Shuttle boss Dittemore departing NASA, sources say
BY WILLIAM HARWOOD
STORY WRITTEN FOR CBS NEWS "SPACE PLACE" & USED WITH PERMISSION
Posted: April 19, 2003

 
Shuttle chief Ron Dittemore uses a model to explain information during a news conference soon after the Columbia accident. Photo: Spaceflight Now/NASA TV
 
Shuttle program manager Ronald Dittemore, the clean-cut, straight-talking engineer whose daily briefings in the wake of the Columbia disaster won widespread respect, plans to leave NASA in the near future, sources say, presumably to take a job in private industry. Calls to Dittemore's home Friday evening and Saturday were not successful and NASA officials were not immediately available for comment.

Reliable NASA and contractor sources, however, said Dittemore made plans to leave the space agency before Columbia's ill-fated mission and that he had planned to step down once the flight was complete to end a 26-year NASA career. Those plans changed in the wake of the Feb. 1 disaster and he remained on the job to help coordinate NASA's investigation of the tragedy.

Dittemore's daily briefings lasted just a week before the independent Columbia Accident Investigation Board took over the public conduct of the accident probe. But Dittemore's willingness to share initial flight data and to answer questions in a public forum was in stark contrast to NASA's no-comment response to the 1986 Challenger disaster 17 years earlier.
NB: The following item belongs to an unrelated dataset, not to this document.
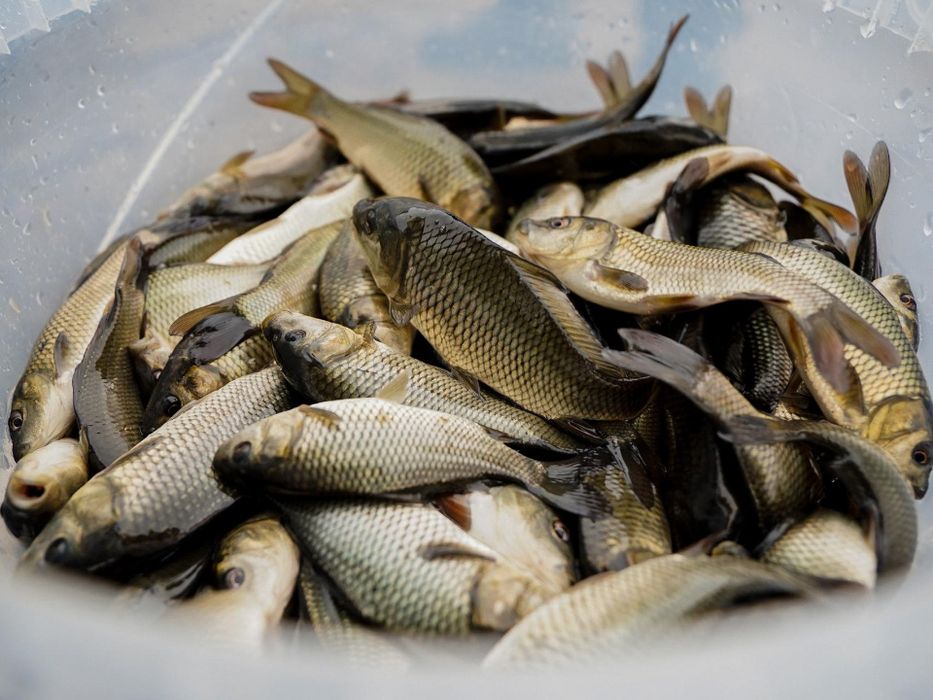 Продается малек сазан для выращивания от 180гр до 500гр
While some NASA insiders privately groused about Dittemore's openness, many more praised his performance, crediting him with convincing skeptics that NASA had the right stuff to deal with the disaster.

"Let me say it is with some relief that I welcome (the accident board) here," Dittemore said Feb. 6, in his final news briefing. "We need their expertise, we need their independent look at what we have been doing and we will work closely with (board chairman Harold Gehman) and his board.

"These five days have been exhausting to the team. They have been difficult emotionally and physically. But we're going to carry on and we're going to continue our determination to find the root cause and do so as quickly and reasonably as we can."

As a senior NASA manager, Dittemore would need a waiver from agency Administrator Sean O'Keefe before taking any job in which he would be representing a shuttle contractor in any future negotiations with the government. Without such a waiver - and they are rare - senior managers must wait a year before taking on such jobs.

The specifics in this case are not yet known, but the loss of Dittemore's firm hand at the helm of the shuttle program will be keenly felt.

"He did a good job, Ron is a solid manager," said one senior aerospace manager. "One of his traits was he was not unwilling to make hard decisions. He made decisions that weren't always popular, but they were the right thing to do."

Dittemore joined NASA in 1977 as a shuttle propulsion systems engineer, became a flight controller and ultimately a shuttle flight director. In 1992, he was named deputy assistant director of the space station program before transitioning to shuttle program management the following year.

In 1995, Dittemore became manager of space shuttle integration and served as chairman of NASA's mission management team, which oversees the day-to-day conduct of a shuttle mission. He was serving as manager of the shuttle engineering office when he was named to replace Tommy Holloway as overall manager of the shuttle program in 1999.

"The space shuttle is more reliable, more capable and more efficient today than ever before," Dittemore said in a statement when he took on the program management job. "At the same time, with assembly of the station, the shuttle has a bigger job ahead of it than ever before. As we do that job, above all, my goal is to fly the shuttle safely and continue the tradition of excellence that has been instilled in this program.

"The shuttle has a lot of life ahead with the capability to continue to fly for decades to come, and we plan to continue to make it as safe and efficient as possible as we build the station and prepare for the future."